**YOUR GOAL:**
Return the lines of the data below, from the one containing "Sandalias tipo mules con correa y hebilla" through the very last, exactly and with both ends included; no pictures.

**DATA SHOWN:**
____________
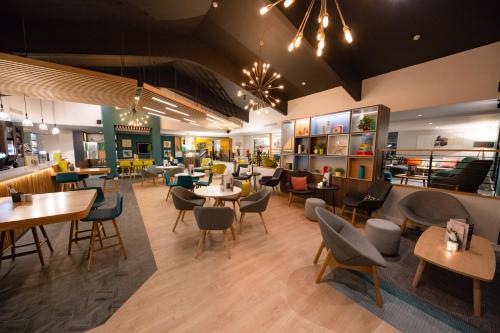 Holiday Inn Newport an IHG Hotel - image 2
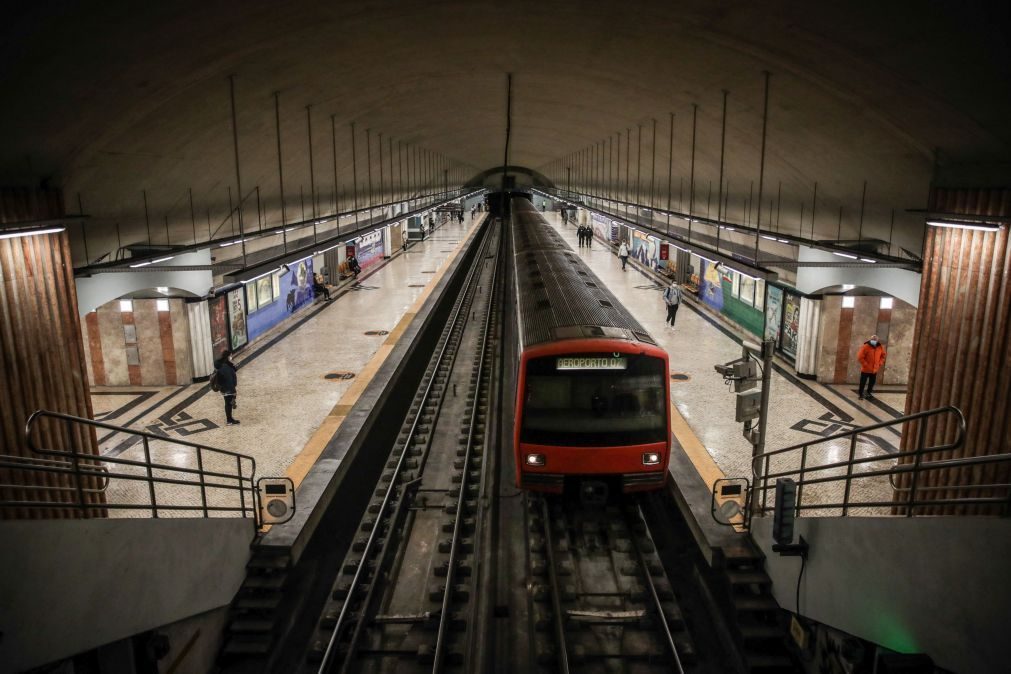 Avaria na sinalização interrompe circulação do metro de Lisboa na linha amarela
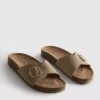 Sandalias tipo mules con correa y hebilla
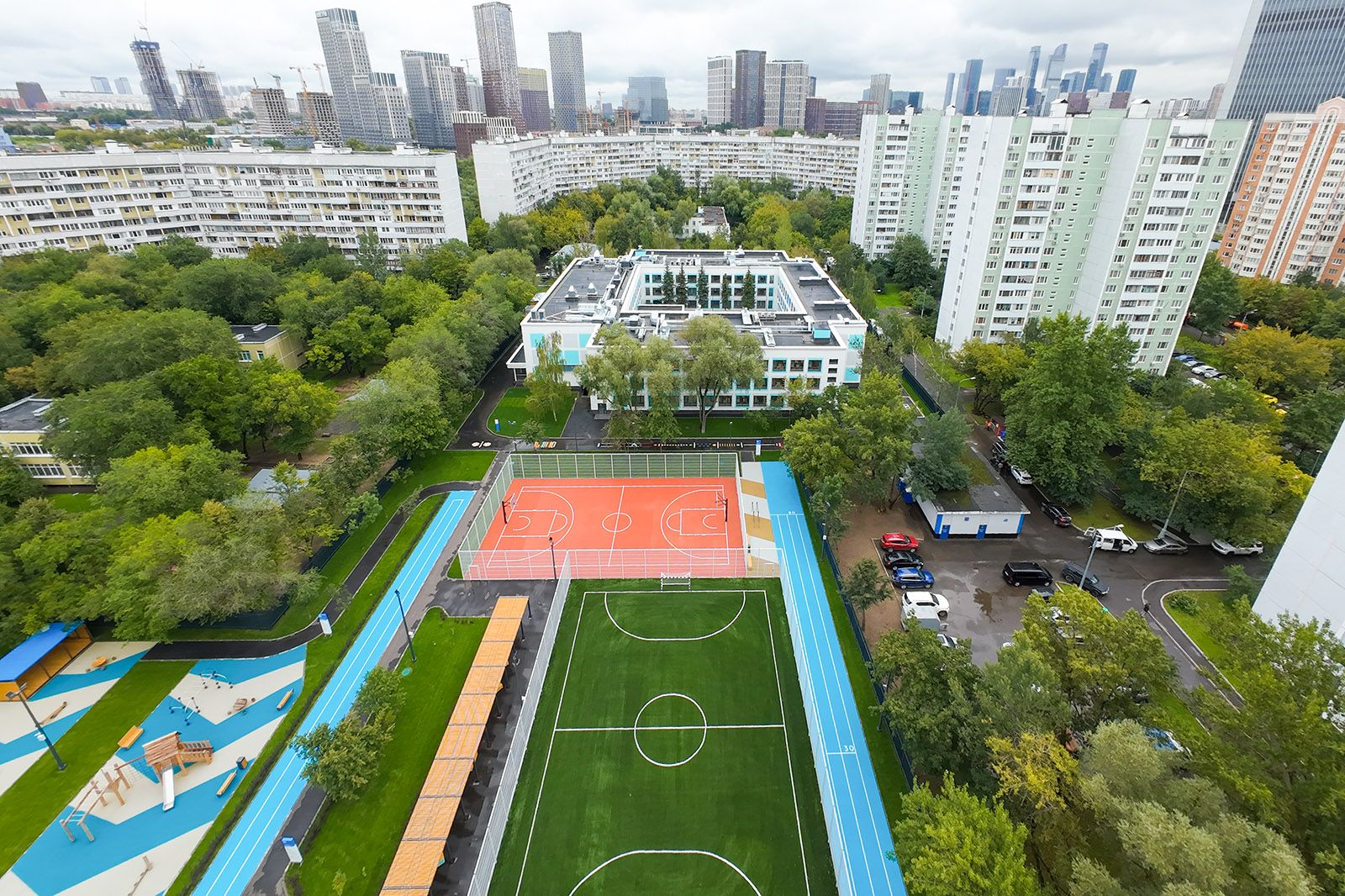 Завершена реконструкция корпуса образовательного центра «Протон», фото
____________
**ANSWER TO THE PROBLEM:**
 Sandalias tipo mules con correa y hebilla
 Завершена реконструкция корпуса образовательного центра «Протон», фото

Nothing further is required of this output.